Southern New England is seeing the fastest snow cover decline in North America
Southern New England is losing its snow cover at one of the fastest rates in the world, according to a new study.
The finding comes as New England temperatures are already warming faster than national averages from human-driven climate change, according to the U.S. Global Change Research Program.
While southern New England is seeing one of the fastest rates of snow cover decline, the problem is impacting most continents, said Stephen Young, a professor at Salem State University and the report’s author.
“It's not just a local thing,” Young said. “It really is a global phenomenon. And we just happen to live in one of those hotspots where it's happening faster.”

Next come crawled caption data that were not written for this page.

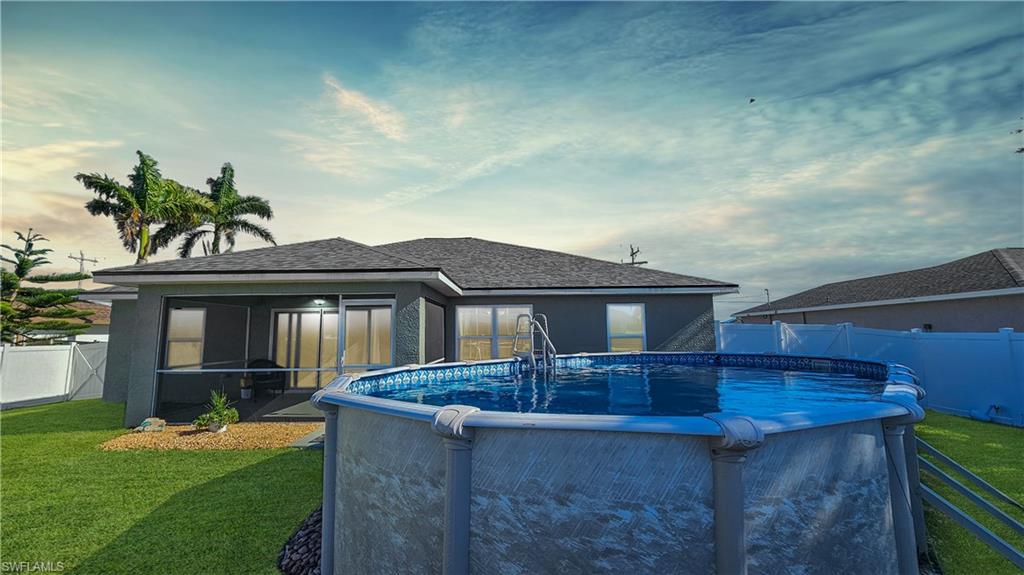 CAPE CORAL - Residential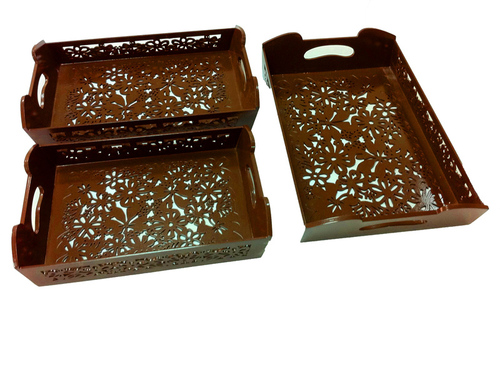 Laser Cutting Tray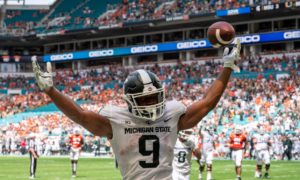 Michigan State Miami September 2021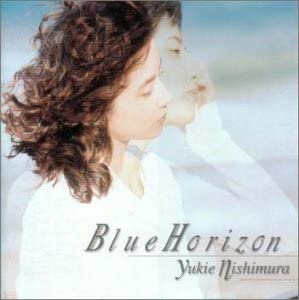 

CD YUKIE NISHIMURA - Blue Horizon YCCS00007 Japan Japanese Soundtracks Used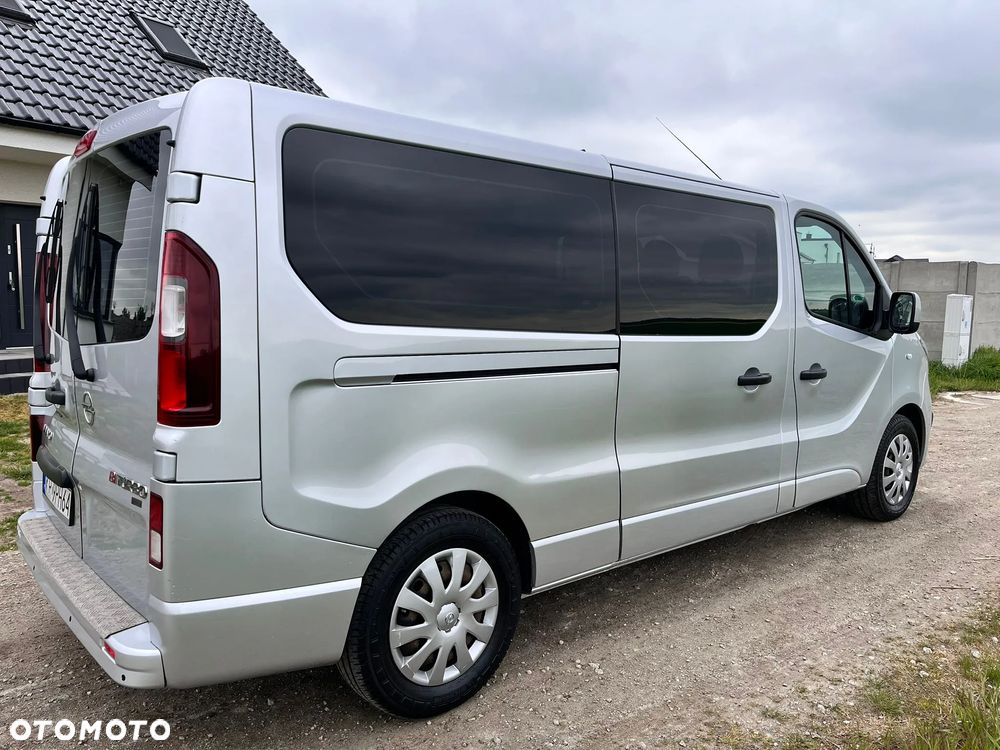 Opel Vivaro - 5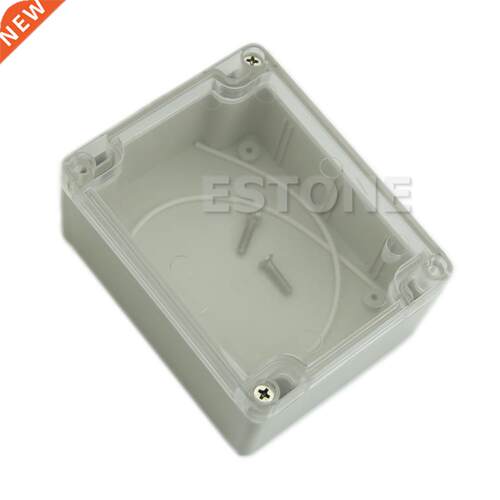 115x90x55MM Cover Clear Project Box Enclosure Case H02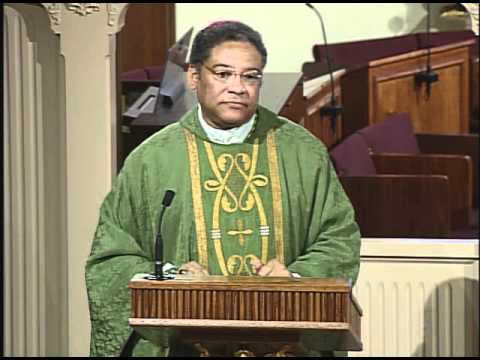 Homily 08-26-2010 - Bishop Joseph N. Perry - Feria
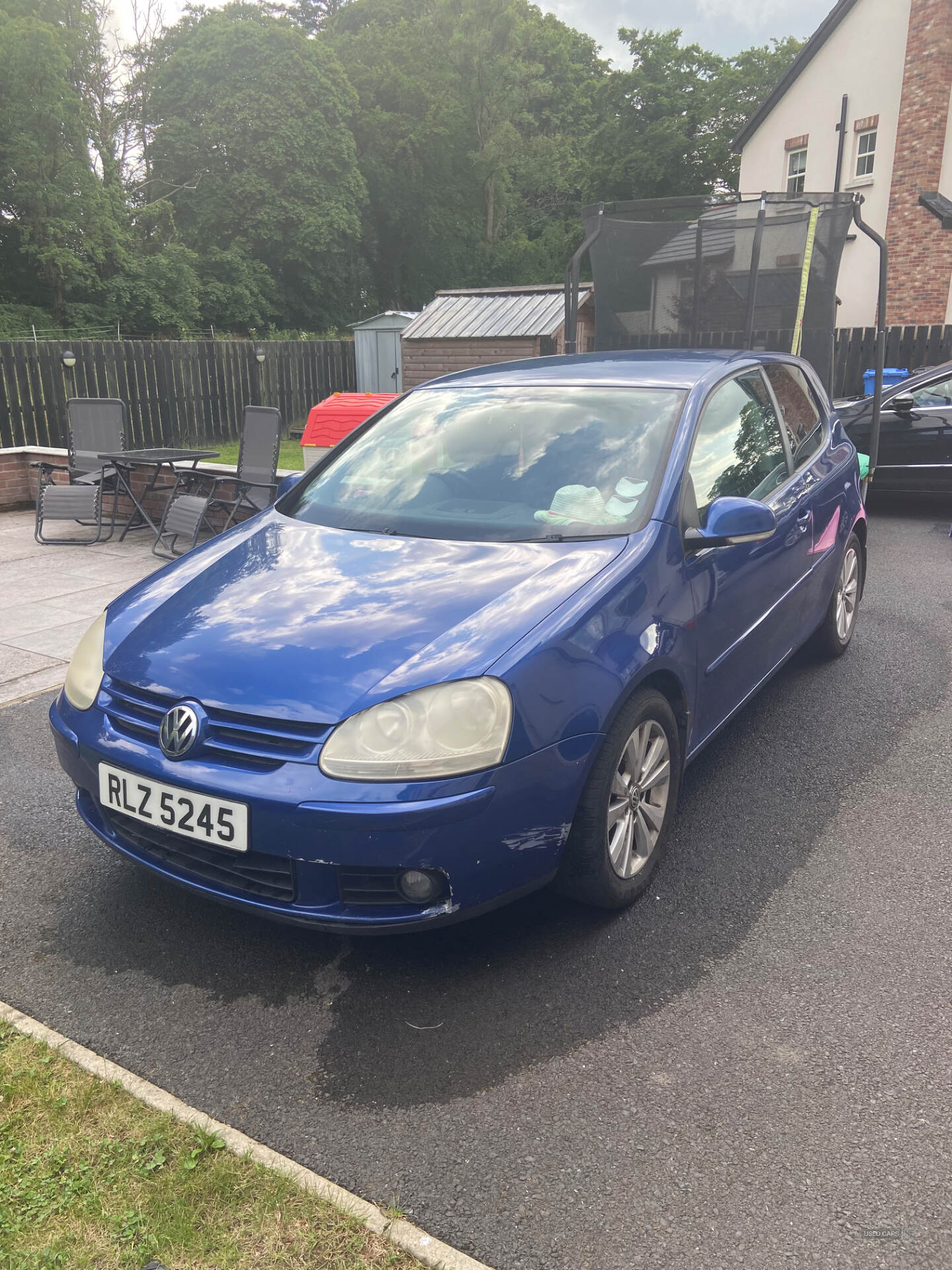 Mar 2005 Volkswagen Golf 2.0 GT TDI 3dr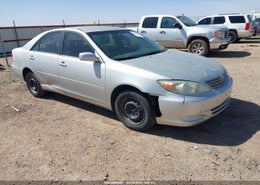 2003 Toyota Camry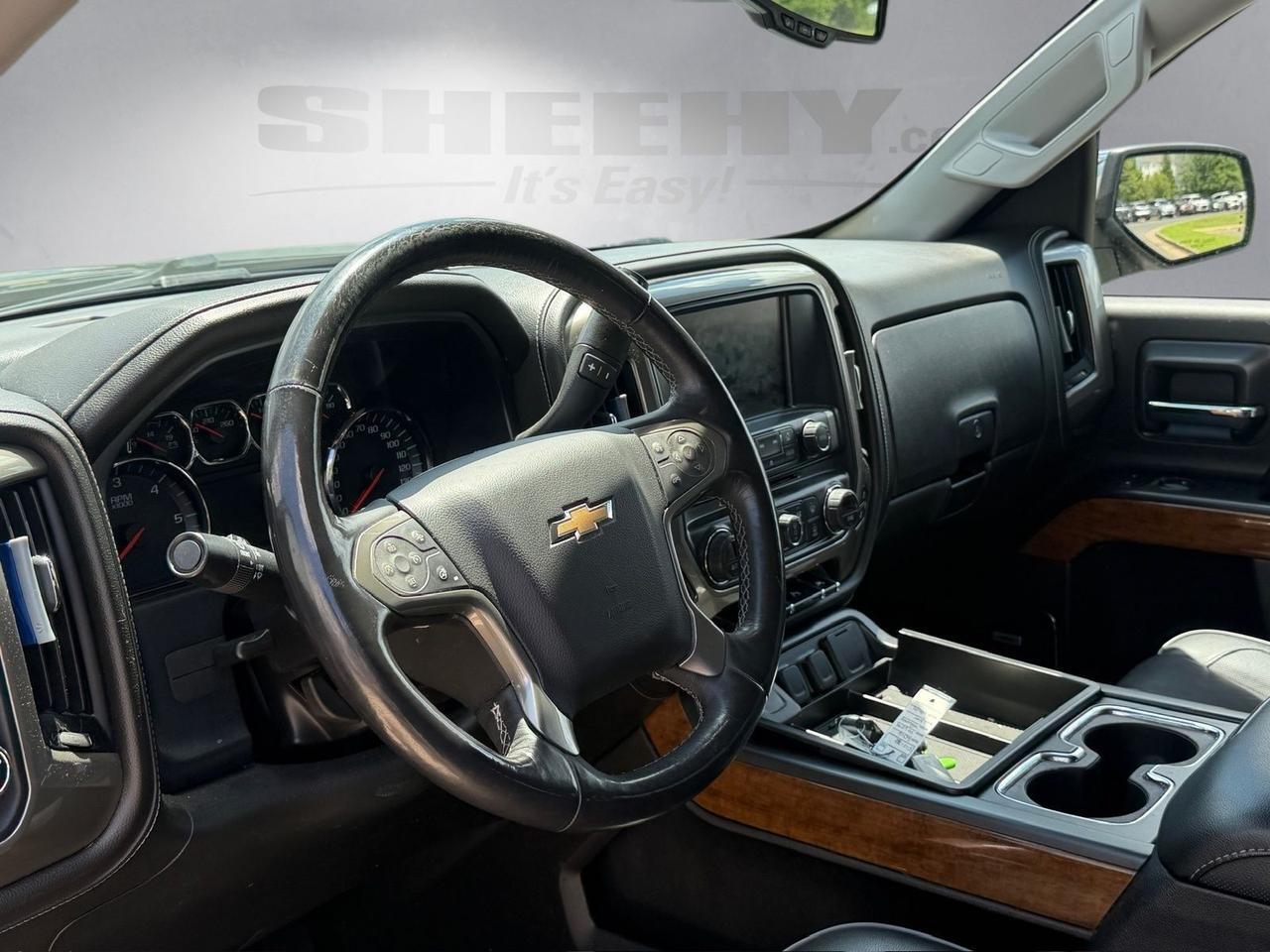 2018 Chevrolet Silverado 1500 High Country Fredericksburg VA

The report found the world has lost over 5% of its snow cover since the year 2000. That’s a potential problem that could spur on more global temperature changes because less snow on the ground means the planet can absorb more heat, as the bare ground takes in more sunlight instead of reflecting it back into the atmosphere.
The decline also presents challenges to animals and plants that rely on snow cover, Young said. Snow covering the ground can keep soil from deep freezes, but if that snow melts, water seeps into the soil and can quickly re-freeze if temperatures drop.
“You get the cold weather without any snow cover, the surface of the soil gets some freezing,” Young said.
Art Degaetano, director of the Northeast Regional Climate Center, said spring snow melts historically helped to supply groundwater. But when winter precipitation in southern New England comes down as rain, it doesn’t effectively “recharge” groundwater and soil moisture.
Degaetano, who wasn’t involved in the research, said the study’s use of NASA satellite data is helpful in tracking warming trends and that “snowfall is probably one of the less well measured variables.”
The data also shows yet another piece of evidence to show the Earth’s warming, Degaetano said.
Aside from southern New England, the study also identifies snow cover decline “hotspots” among several areas in Europe and Asia, with the most impact on the Andes mountain region in South America.